Scott Walker Rebuked In Person At MLK Day Ceremony

Scott Walker Rebuked In Person By MLK Award Recipient

A Wisconsin woman accepting a social justice award on behalf of her late husband used the opportunity to apparently dress down nearby Gov. Scott Walker (R), saying that anyone who tries to limit union rights is "not in the tradition of Martin Luther King."

Walker, who famously and controversially rolled back the collective bargaining rights of Wisconsin state workers in 2011, was seated just a few feet away from Margaret Rozga when she delivered her remarks at the state capitol on Monday. Rozga was accepting the MLK 2013 Heritage Award for her husband, Father James Groppi, a Catholic priest and social activist who died in 1985. (His marriage to Rozga led to his excommunication from the church, according to the book "Wisconsin Heroes.")

"As a person who remembers that Martin Luther King was killed while he was working to organize sanitation workers, I know that anyone who works to curtail union rights is not in the tradition of Martin Luther King," Rozga said. (Video above from the Cap Times.)

Rozga did not directly address Walker by name.

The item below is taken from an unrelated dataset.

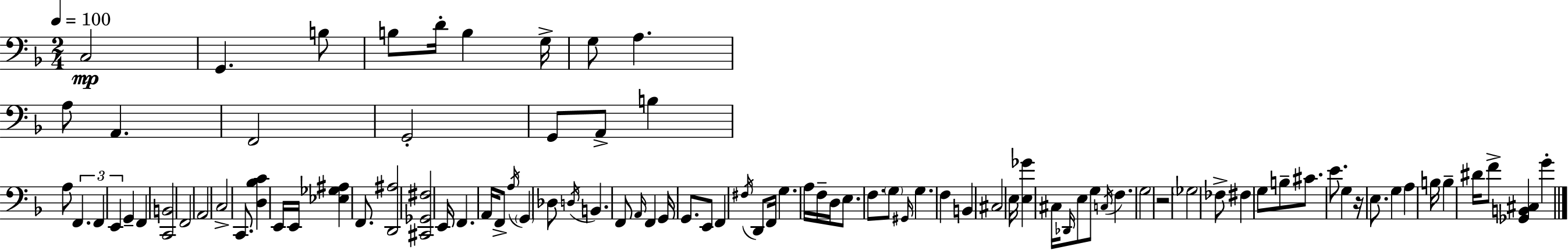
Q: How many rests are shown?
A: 2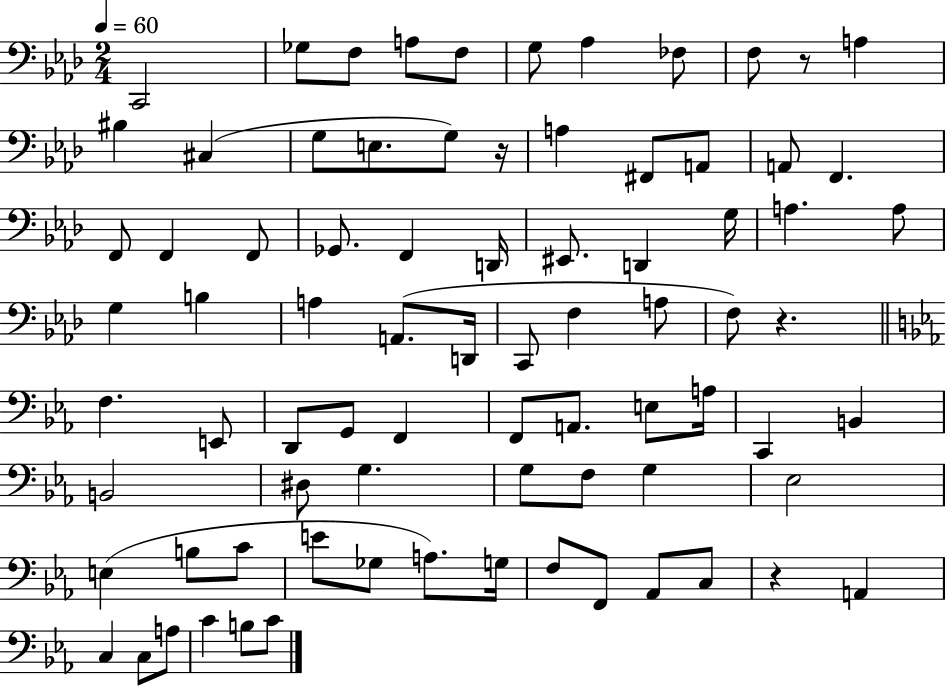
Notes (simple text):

C2/h Gb3/e F3/e A3/e F3/e G3/e Ab3/q FES3/e F3/e R/e A3/q BIS3/q C#3/q G3/e E3/e. G3/e R/s A3/q F#2/e A2/e A2/e F2/q. F2/e F2/q F2/e Gb2/e. F2/q D2/s EIS2/e. D2/q G3/s A3/q. A3/e G3/q B3/q A3/q A2/e. D2/s C2/e F3/q A3/e F3/e R/q. F3/q. E2/e D2/e G2/e F2/q F2/e A2/e. E3/e A3/s C2/q B2/q B2/h D#3/e G3/q. G3/e F3/e G3/q Eb3/h E3/q B3/e C4/e E4/e Gb3/e A3/e. G3/s F3/e F2/e Ab2/e C3/e R/q A2/q C3/q C3/e A3/e C4/q B3/e C4/e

In her remarks, Rozga also addressed the need to protect voting rights and natural resources. In November, Walker called for a repeal of the state's same-day voter registration law, a move that Democrats said was politically motivated voter suppression. After a firestorm of criticism, Walker backed off the plan.

"As a person who got her start in the Civil Rights Movement by volunteering to work on Southern Christian Leadership voter registration campaigns in Alabama, I know that those who [propose] any curtailment of voting rights are not in the tradition of Martin Luther King," Rozga said.

Noting that, in addition to having been a priest, her husband was a bus driver and president of an Amalgamated Transit Union local, Rozga voiced her support for a number of labor-friendly groups, including the Milwaukee workers at Palermo's Pizza who've gone on strike over working conditions.

According to the Wisconsin State Journal, some protesters booed and turned their backs on Walker when he presented a proclamation in honor of King.